While it makes eminent sense for Singapore as a sovereign state not to take sides in the escalating geopolitical rivalry between China and the United States, this should not mean its citizens must suspend their faculties for critical thinking and not discern fact from fabrication.
It is not an idle pursuit to try and form an informed judgment about which of the two big powers poses the greater threat to peace and stability in this region. Is the US really out to help defend freedom of navigation in this region and a rules-based international order against an increasingly encroaching China – or is that just a ruse to contain the latter’s rise and maintain America’s global hegemony?

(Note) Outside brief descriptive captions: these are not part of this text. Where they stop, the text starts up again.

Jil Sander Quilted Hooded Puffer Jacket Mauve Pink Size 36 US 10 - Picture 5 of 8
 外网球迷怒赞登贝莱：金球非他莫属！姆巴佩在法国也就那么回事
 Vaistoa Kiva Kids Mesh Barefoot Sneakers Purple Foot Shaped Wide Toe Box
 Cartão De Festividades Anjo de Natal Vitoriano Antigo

There should be no confusion about this. Singaporeans and their Asean neighbours are not mere bystanders who can escape unscathed when the Cold War between the two big powers turns hot. All the more so for Singaporeans if their Government cannot hold the line any more and is forced to choose.
If and when fighting breaks out, Singapore cannot hope to be spared the economic devastation that is certain to follow. Worse, possible physical damage too, if it gets dragged in despite its best effort not to.
But does knowing right from wrong matter? Will it change anything if, in the end, right has to bow to might?
Yes, according to Professor Yuen Yuen Ang, a Singaporean who teaches political science at the University of Michigan. In an article published in The Straits Times last Sept 8, she argued that the rivalry was not a contest over ideology but a battle for elite and public opinion around the world.
She wrote: “For any strategist, it is plain as day no war over narratives in Asia can be won without first winning over Singapore. Though small in size, our island state is the gateway to South-east Asia, and opinions expressed in Singapore can be widely accessed in China.
“Hence, as the geopolitical contest heats up, we ought to guard our independence of mind and independence of expression like a national treasure.”
Well, regardless of whether Washington or Beijing takes serious note of Singaporeans’ views, these should matter a great deal to their Government as it deliberates on what is in the Little Red Dot’s long-term interest. It cannot, should not, ignore what its people, and not just the Western-educated elite, think the world around them is going to look like two decades from now.
However, for Singaporeans to develop that intellectual independence which Prof Ang said they must have, it is critical that they have access to accurate information, to facts, and fair, objective and balanced analyses and commentaries based on these.
This is especially critical for those who understand only English.
Sadly, that objective, even-handed coverage is not always available from most of the Western, especially Anglophone, sources, on which local mainstream media in Asean depends for the bulk of its foreign news. Very often, the reporting from the former is, to put it kindly, at variance with the truth.
Take, for instance, the 2019 riots in Hong Kong. Viewers of CNN and other networks broadcasting in English were shown scenes, hour after hour, of police firing tear gas at “pro-democracy” protesters but rarely, if ever, of young black-clad thugs committing arson, ransacking shops, beating up people who disagreed with them and, in one horrific case, setting an old man on fire.
And there was of course that ignominious clip of a visiting US senator telling the barefaced lie that he neither saw nor knew of any violence! To most ordinary people, including Western expatriates who live in Hong Kong, all this was not just bad journalism but also a deliberate distortion to demonise China and the Hong Kong government.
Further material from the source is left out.